UPDATE - a few hours later......blogger seems to have overwritten the front page with a blank one. All the other pages are still there, but you can only find them if you know their individual addresses. Hmm. I'm hoping that a forced republish as I upload this will sort it out. Rex also seems to have lost a comment. I'm not sure if this was related. Blogger was reliable until last week!

Sunday, February 19, 2006

Waves, Wet & Windy


portrait



Some of you will recognize this but there are two differences to any earlier sighting. The first is technical: I have redeveloped and sharpened out of RAW (C1) and made a new conversion to b/w; I have also cropped to a square format. The second fact is that I have entered this for the Guardian photo competition in the portrait category (subject: your passion), see:

http://www.guardian.co.uk/weekendphotoprize

It hasn't featured in their weeks 1/2/3 galleries so I don't suppose that it is going to do too well! I would be very grateful if you could put yourself in the position of the judges and give this an objective critique.

Thursday, February 16, 2006

Niece, aged 3



I find it very hard to separate out my feelings about my own photos from my feelings about the occasion which they represent. This is probably true in all types of photography (e.g. landscapes taken during an enjoyable walk automatically have happy memories attached) but is most strong with people photographs.
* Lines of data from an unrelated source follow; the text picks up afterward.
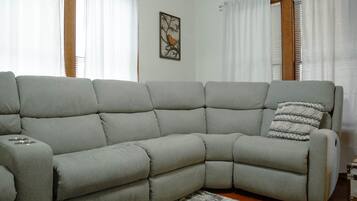 Un canapé modulable doté d’une table d’appoint intégrée, d’un coussin décoratif et d’un tableau encadré accroché au mur.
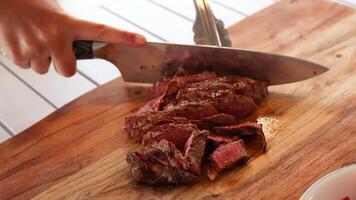 A person slices a cooked beef steak on a wooden board in a well-lit kitchen setting video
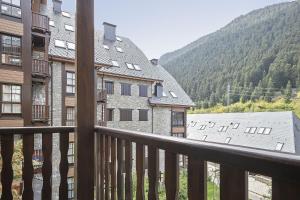 a balcony with a view of buildings and mountains at Luderna - Apartamento Val de Ruda B15 Baretja in Baqueira-Beret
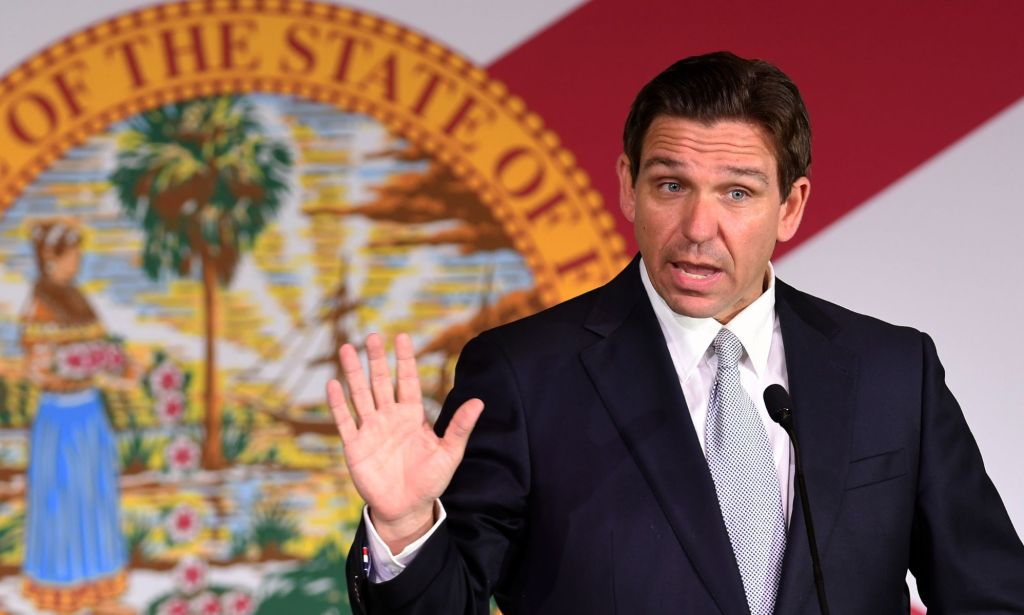 Republican presidential candidate Ron DeSantis holds up one hand as he speaks at a podium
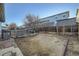 Image showcasing a backyard with a partial fence line and a compact dirt area at 11039 Columbine St, Northglenn, CO 80233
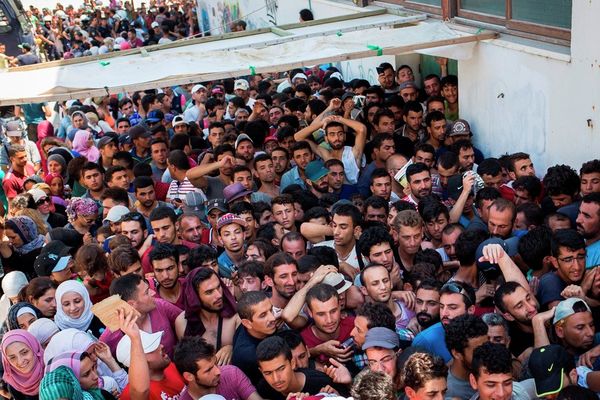 Syrian migrants and refugees gather at a makeshift migrant detention center at Kos' abandoned football stadium after crossing from Turkey, at the southeastern island of Kos, Greece, Wednesday, Aug. 12, 2015. Syrian migrants and refugees gather at a makeshift migrant detention center at Kos' abandoned football stadium after crossing from Turkey, at the southeastern island of Kos, Greece, Wednesday, Aug. 12, 2015. - Sputnik International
This was Christmas Day 2005.

Jazz Talk


Peter Brötzmann, a german free jazz saxophonist.
shot taken last sunday noon on the occasion of a 'jazz talk' in our one and only jazz pub. jazz talk means a musician is invited to talk and play his music. these jazz talks are kind of appetizer events of the coming mœrs festival, an international new jazz festival, which takes place in our little town every whitsun since 1972.
visited the festival in 1977 for the first time.
already photographed Peter Brötzmann in 1978.
some images from the moers festival 2004 click here

hope u like the image (even if u don't like free jazz music ;)

Sunday, February 12, 2006

dynamic range problem



I have now consolidated the two images from previously into one. This is not billed as a great photo: I have put it up as a test both to see what different size files look like and to check the background.

Friday, February 10, 2006

Central Milton Keynes



Hello,

I'm Colin Jago (user name auspicious) and this is my first posting to this collaborative blog. The picture is not particularly representative of my work, although the element of humour is. I thought I would post a self-portrait to begin with and anyway we needed a test file of a certain size to check on page dimensions.

The original text with this posting said "A modern shopping centre. A little bit shiny and very faceless." which may make the comment by John E a bit more understandable.
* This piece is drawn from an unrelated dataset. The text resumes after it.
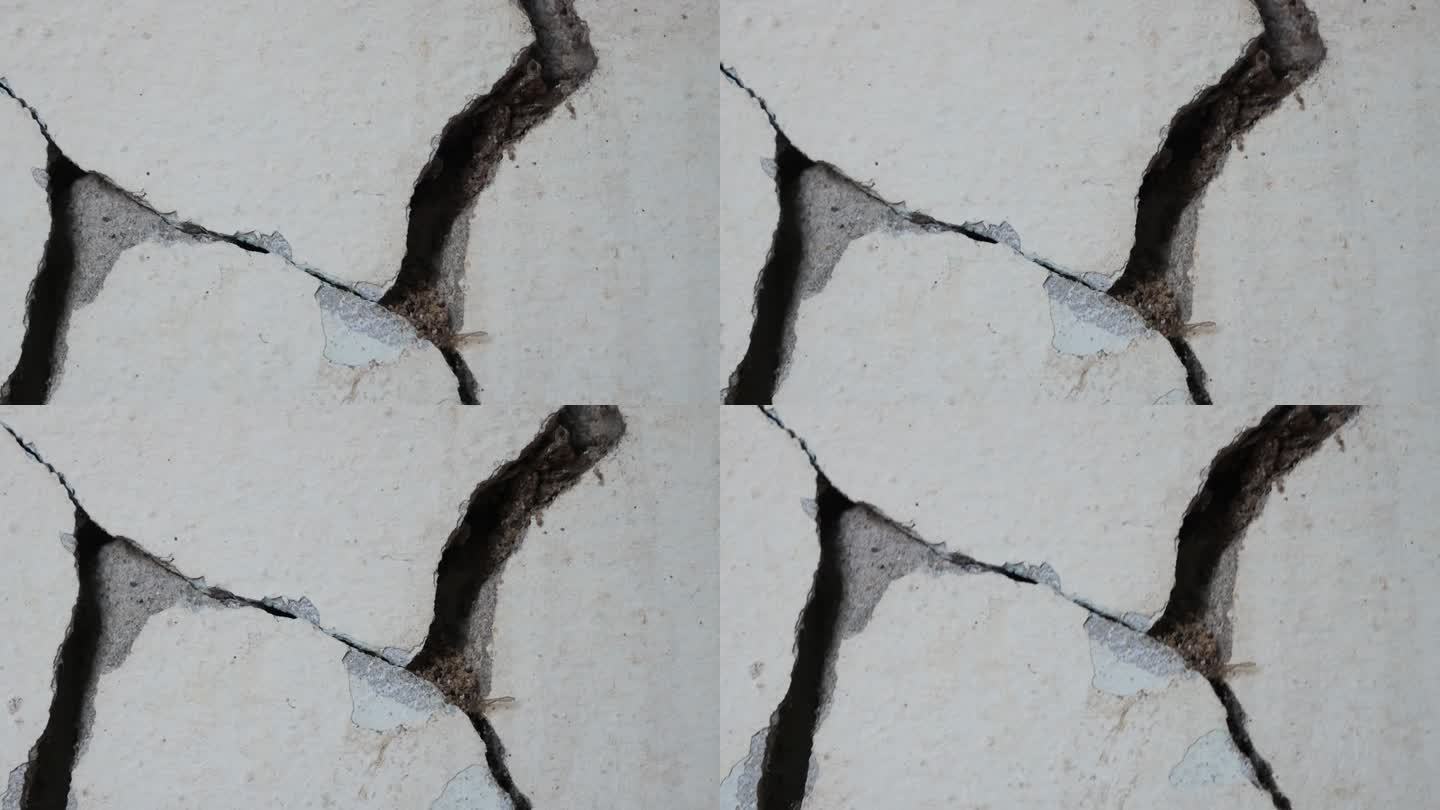 旧混凝土墙背景有大裂缝。灰水泥墙面破损大。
I'm looking forward to talking to you all and getting you comments on my photos.

Wednesday, February 08, 2006

Screen sizes

The format used in this version is optimised for a screen size of 1024 x 768 pixels. Larger screens will work fine, but smaller ones might be problematic. Could all members post a comment in response stating what screen size they would normally view the blog with so that we can amend the optimal size if needed.